Il existe une expression heureuse pour désigner ces émissions qui s’étirent un peu trop : jump the shark. Cela fait référence à la défunte série-culte Happy Days, où le bienheureux Fonz sauta un jour en ski nautique par-dessus un requin (vous pouvez d’ailleurs voir la séquence sur Youtube. À part celui qui reste pris sur la jambe de Batman dans le vieux film avec Adam West, c’est le requin le plus délirant que j’ai vu). Autrement dit, ils sont allés un peu fort et ils perdent leur crédibilité. Quant à moi, je pense que Virginie avait « sauté par-dessus le requin » avant ça, mais bon…

Le problème avec les intrigues, c’est qu’en général, si la série dure trop longtemps, il faut relancer le suspense. Alors, des histoires qui étaient résolues se retrouvent compromises à nouveau. Le parfait exemple est les relations amoureuses : dans la première saison, on se demande quand le joli garçon et la sculpturale héroïne vont enfin finir ensemble. Des fois, ça prend plus qu’une saison. Mais si, une fois qu’ils se sont tombés dans les bras, la série n’est pas achevée, vous pouvez être sûr qu’ils vont se séparer.

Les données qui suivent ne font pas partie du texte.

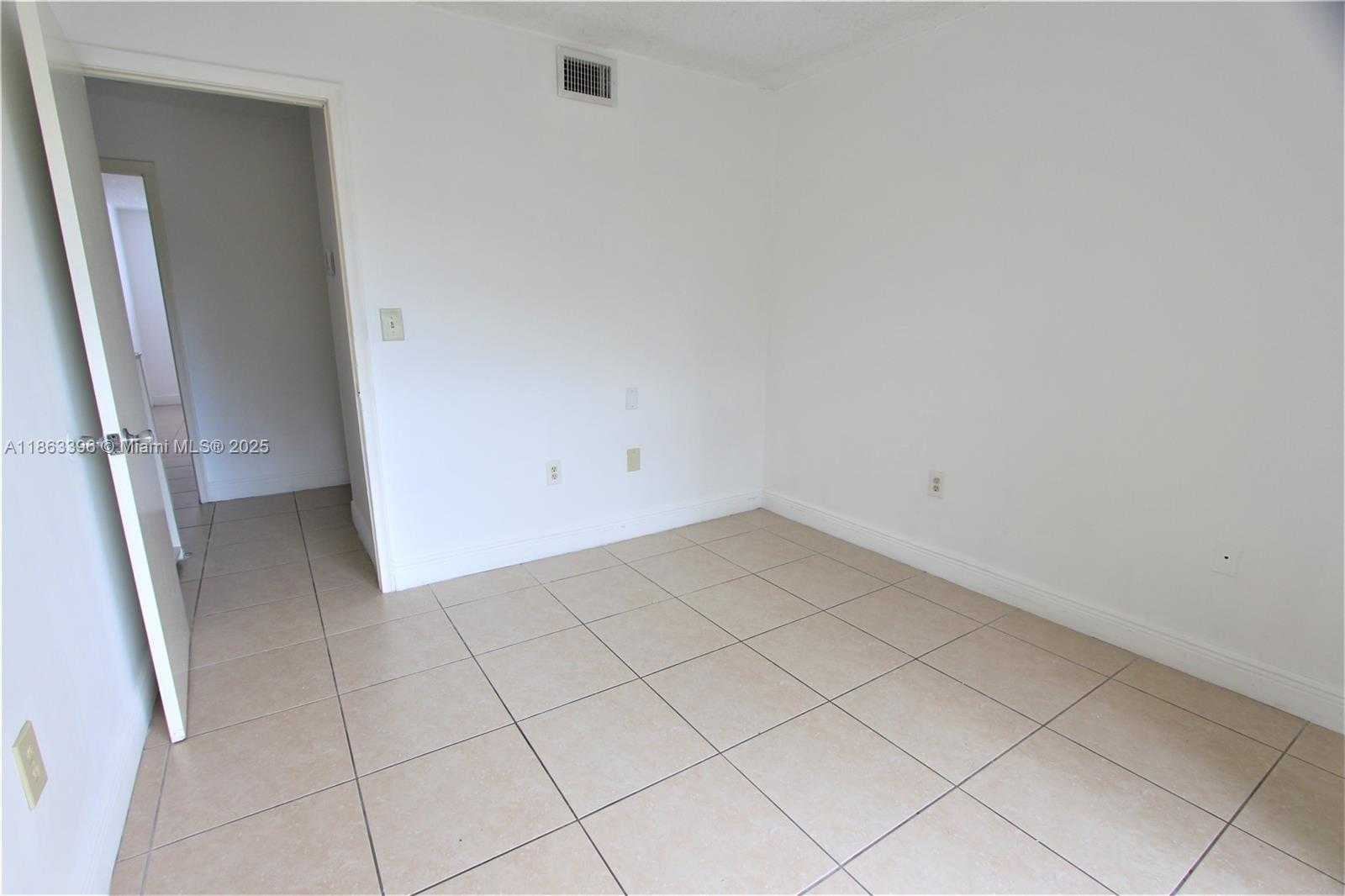 Small Image of 2750 WEST 76TH ST #210, Hialeah Number 22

Pas le temps d’une chicane d’un épisode; ils vont se retrouver fiancés à d’autres, peut-être même mariés. Le but, c’est de frustrer le spectateur, lui enlever ce qu’il souhaite pour qu’il continue à regarder la série. Principe assez enfantin que vous aurez sûrement tous déjà remarqué.

C’est ce qui se passe lors de la saison 6 d’une de mes émissions préférées, les Gilmore Girls. Je vous arrête tout de suite : c’est une excellente émission, truffée de références encore plus obscures que Family Guy, bien que présentées d’une autre manière. Ce n’est pas parce que les personnages principaux sont deux filles bien roulées que ce n’est pas intelligent. Bon. Je ne suis pas gênée de dire que j’écoute ça, compris? Donc, à la fin de la saison 4, Lorelai commence enfin à fréquenter Luke, l’espèce d’ours bourru à la casquette de baseball qui est propriétaire du snack-bar (d’ailleurs, je m’ennuie des ours bourrus toujours habillés pareil, la barbe pas faite, qui ne sourient pas. J’en ai marre des super héros et des crises existentielles.) Au cours de la saison 6, leurs fiançailles sont rompues car Luke découvre l’existence de sa fille, qu’il ignorait jusque là – coup de théâtre typiquement américain. Justement, cette saison coïncide avec le départ d’Amy Sherman-Paladino, la créatrice et scénariste principale de la série. J’ai donc élaboré la théorie suivante : ma chère Amy souhaitait que la saison 6 se dénoue heureusement par le mariage de Luke et Lorelai, mais les producteurs voulaient que la série se poursuive car elle avait du succès. C’est ainsi que Lorelai renoue avec le père de sa fille dans une relation houleuse fort peu crédible. Heureusement, la qualité de l’émission n’a pas vraiment diminué avec le départ d’Amy, mais le tout m’a quand même déçue. Que voulez-vous : j’aime bien me créer des gens à admirer en leur conjecturant des principes.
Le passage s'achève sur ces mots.